O que poderia ser só mais
um caso de uma situação ainda recorrente na Amazônia logo mostrou ter contornos
mais complicados. Foram encontradas 12 pessoas trabalhando em condições
análogas à escravidão. E elas disseram estar agindo por ordens de um fazendeiro
vizinho à área, um proprietário beneficiado pelo programa Terra Legal.
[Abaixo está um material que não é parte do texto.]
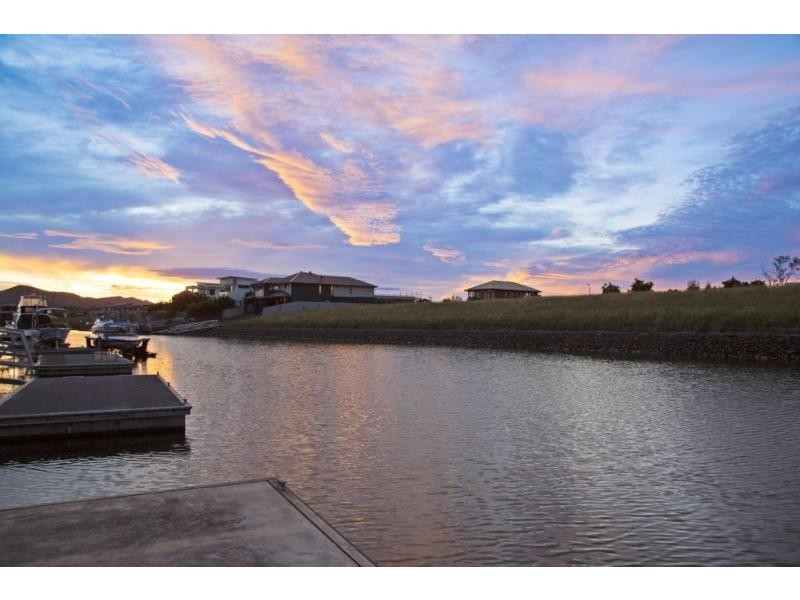 28 Harbourvue Court, Helensvale QLD 4212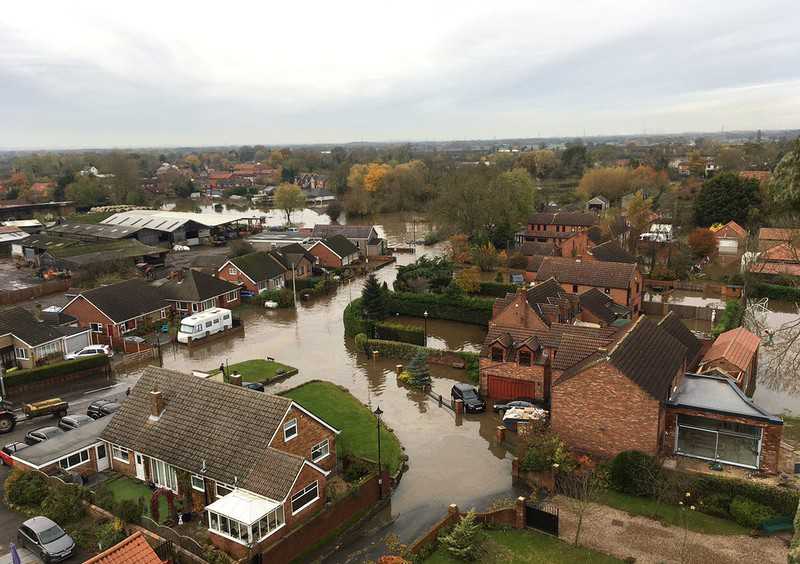 Powodzie w Anglii potrwają co najmniej do środy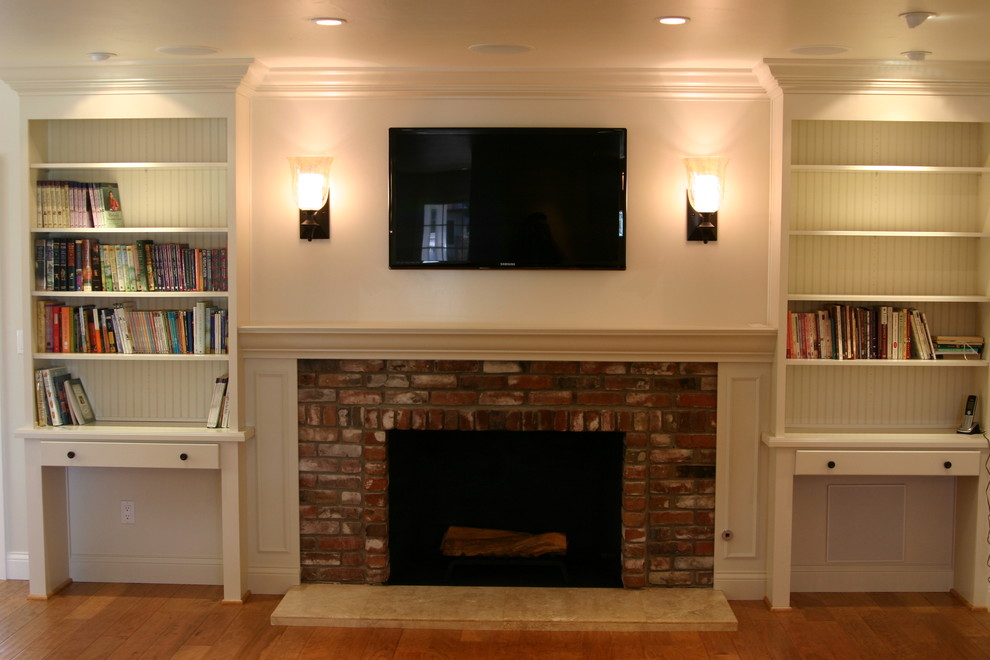 Example of a classic family room design in Orange County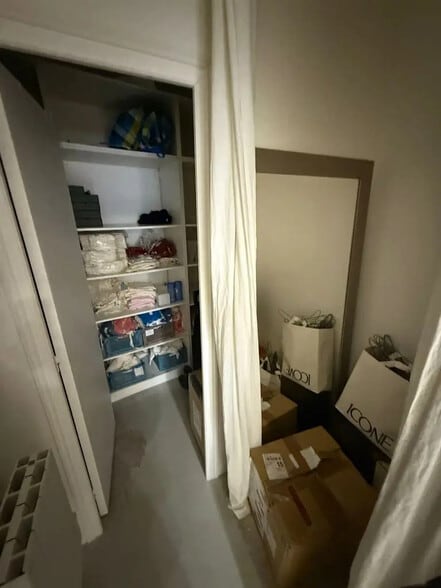 Local commercial dans Paris à louer - Photo de l’immeuble – Image 2 sur 3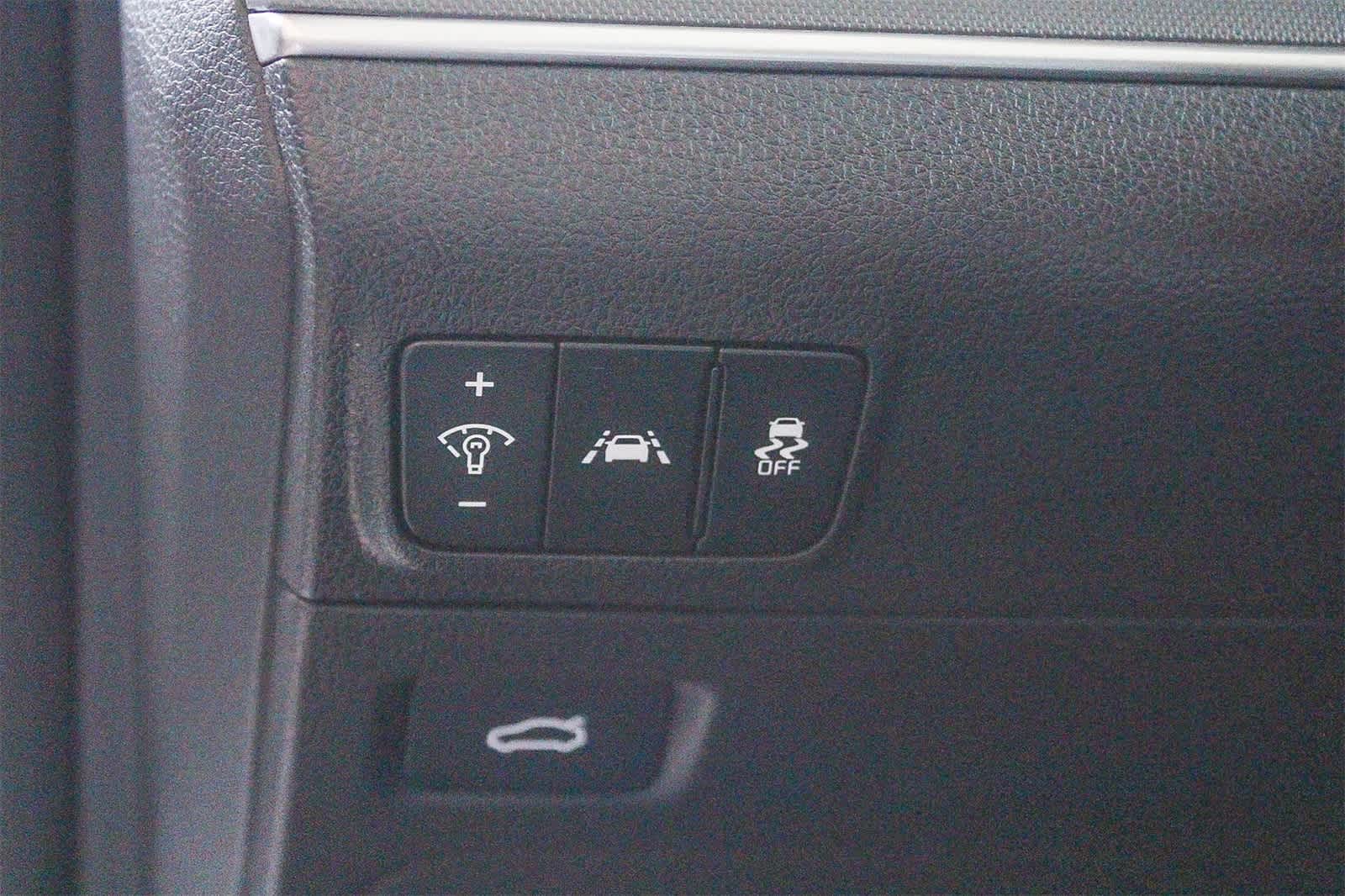 Thumbnail: 2021 Kia K5 - 31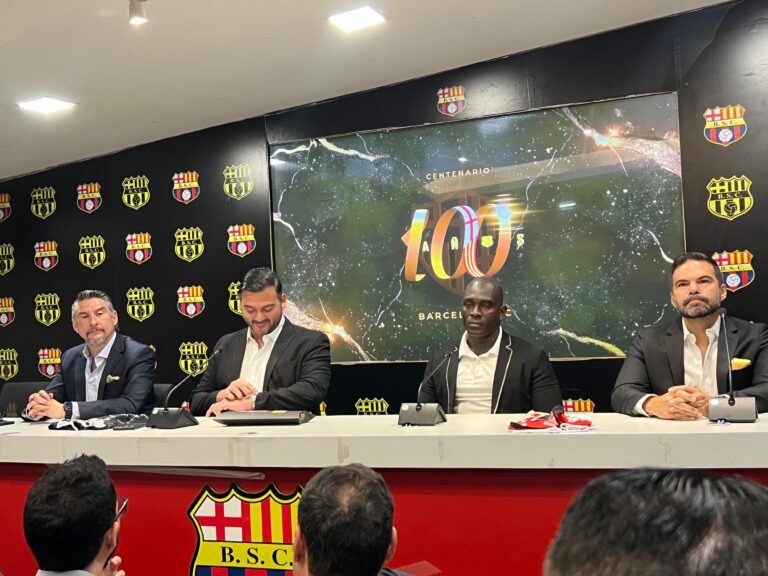 (VIDEO) BSC ratifica a Segundo Castillo como DT del club para el 2025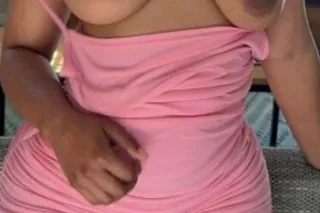 🔥Super hot and expert in bed 🛌... - Image 1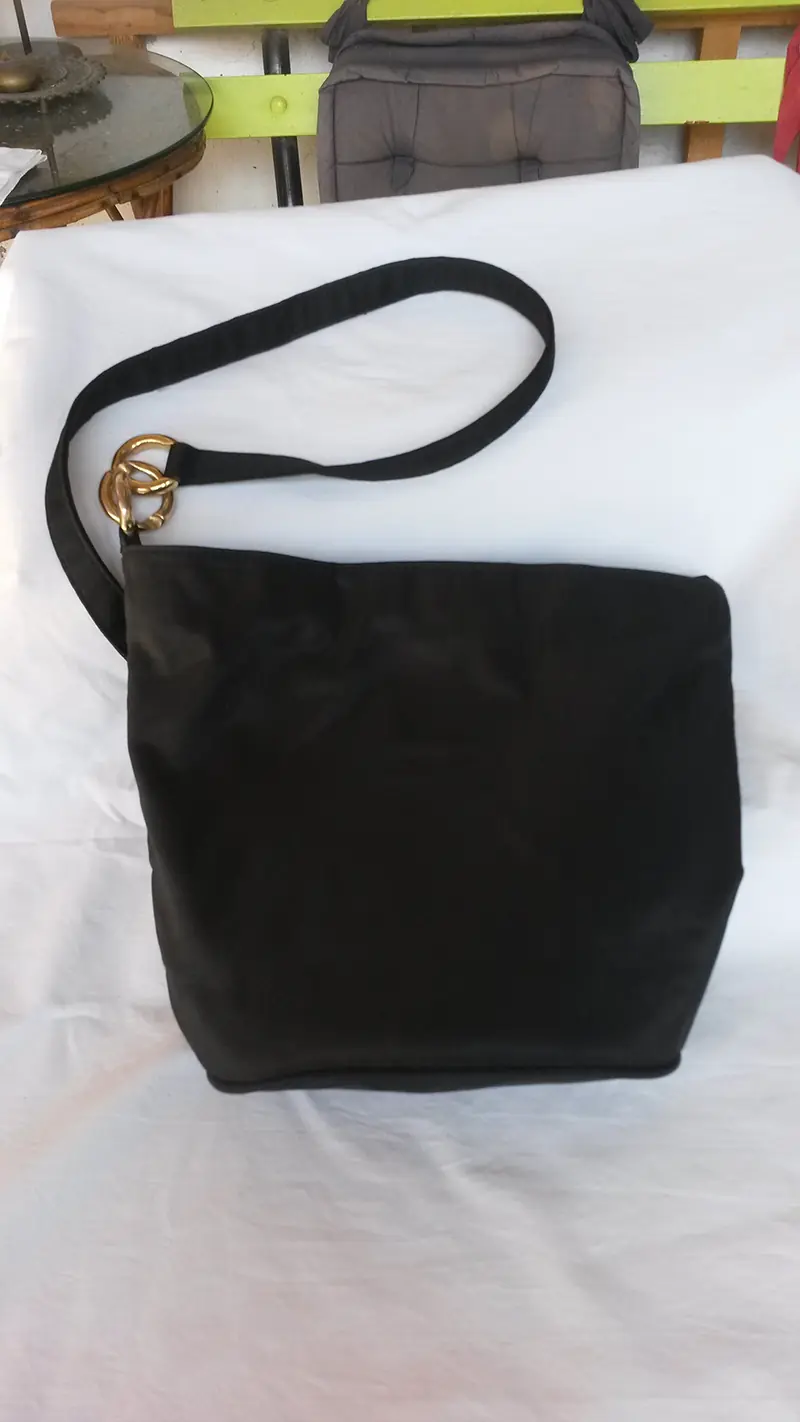 Borsa ovale in tessuto nero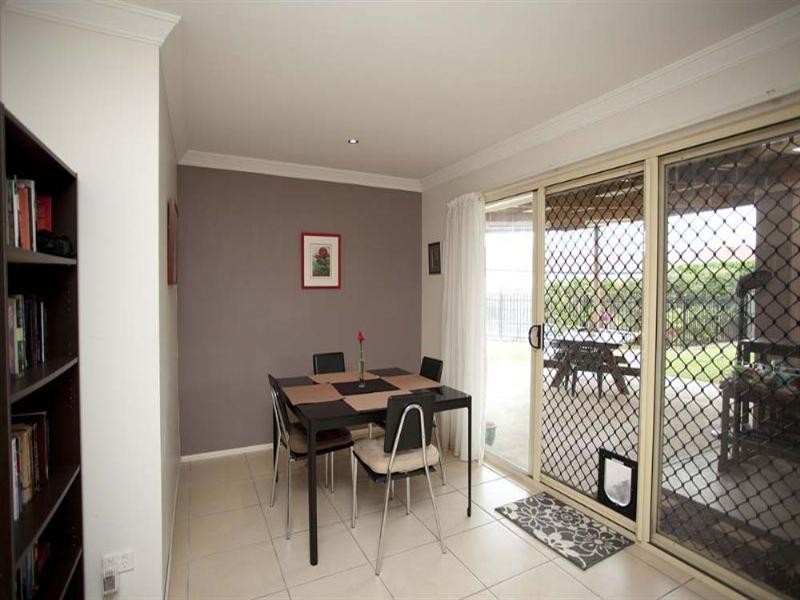 5 Gamenya Drive, Springwood QLD 4127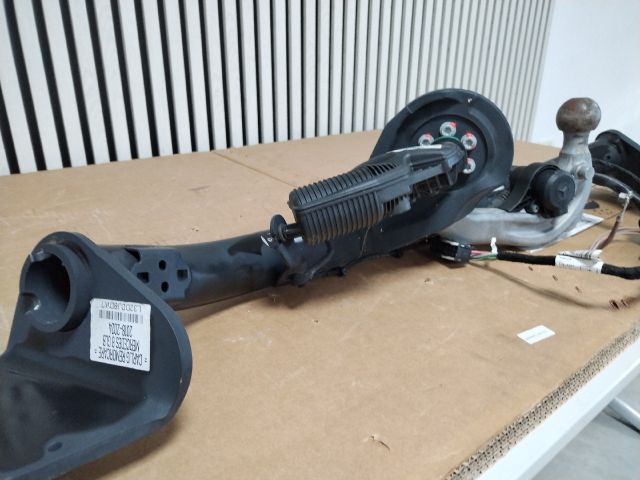 bontott MERCEDES-BENZ B-CLASS Vonóhorog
A denúncia levantou a bandeira
vermelha sobre como está funcionando o programa do Ministério do
Desenvolvimento Agrário, criado em 2009 com o objetivo de fazer a regularização
fundiária principalmente de pequenos produtores - posseiros que tenham ocupado
de modo legítimo terras públicas federais no passado e façam uso dessa terra
para seu sustento. O benefício, porém, está condicionado à lisura do
proprietário. A ocorrência de desmatamento irregular pode levar à perda do
título.
A comunicação do flagrante
e a suspeita de o crime estar ligado a um titulado do programa levaram
analistas da ONG Greenpeace a investigar o histórico do fazendeiro. Descobriram
que, antes de receber o título, o que ocorreu em 2009, ele já havia sido
autuado pelo Ibama por exploração ilegal de floresta (em outubro de 2008). Em
setembro do ano passado, foi novamente autuado por desmatar área de proteção
permanente. E em setembro passado, após o flagrante, teve a fazenda embargada
por desmatamento ilegal.
Uma varredura posterior do
Greenpeace entre as maiores propriedades regularizadas pelo Terra Legal na
região de Altamira e Novo Progresso (município onde está a fazenda do
flagrante) encontrou pelos menos outros oito casos de beneficiados que também
têm pendências com os órgãos ambientais.
Grilagem.
A escolha por
avaliar fazendas com mais de 10 módulos fiscais (o que na região significa mais
de 1 mil hectares) se deu por conta de um temor antigo - de quando o programa
foi elaborado - de que ele beneficiaria mais grileiros que realmente grandes
proprietários. O levantamento do Greenpeace mostrou que, para aquela região,
dos 230 títulos concedidos, 30 foram para propriedades de mais de 10 MF. O
programa contempla propriedades de até 15 módulos.
"Em números absolutos,
só 3% das propriedades daquela região têm mais de 10 MF. A maioria é de
pequenas propriedades", afirma Márcio Astrini, coordenador da campanha
Amazônia da ONG. "Tem uma contradição na lei. A justificativa para sua
existência é que ela serve para regularizar as pequenas propriedades da agricultura
e posses familiares na Amazônia."
Raimundo de Lima Mesquita,
coordenador da Federação dos Trabalhadores na Agricultura do Estado do Pará
(Fetagri/Baixo Amazonas), conta que, das famílias que conhece, não viu nenhuma
resolver seu problema de terra com o programa. "O Terra Legal não veio
para legalizar a agricultura familiar, mas os grandes latifúndios", diz.
Para Astrini, o relato de
Mesquita ilustra o problema. "Um programa como esse deveria ser ativo
dentro de um sindicato de trabalhadores rurais. Ele traz um pacote de soluções
para a luta dessas pessoas. Mas se o presidente do sindicato desconhece o que
está acontecendo, é porque o governo não tem parceria com essas
instituições", comenta.
Denúncia.
Anteontem, o
ambientalista enviou ao Ministério Público Federal de Altamira um documento
relatando o caso flagrado pelo Ibama no final de agosto, em que pede
investigação urgente sobre o proprietário e também sobre outros beneficiários
do Terra Legal no entorno da Flona de Altamira que receberam mais de 10 MF. Até
ontem à noite, as procuradoras ainda não tinham conseguido avaliar a denúncia.
Antes disso, o próprio
relato do Ibama tinha levado o MPF de Santarém a pedir um mandado de prisão
contra Eleandro Perin, citado como responsável pela área - ele é o proprietário
da fazenda Vitória, contígua ao trecho desmatado, e titulada pelo Terra Legal.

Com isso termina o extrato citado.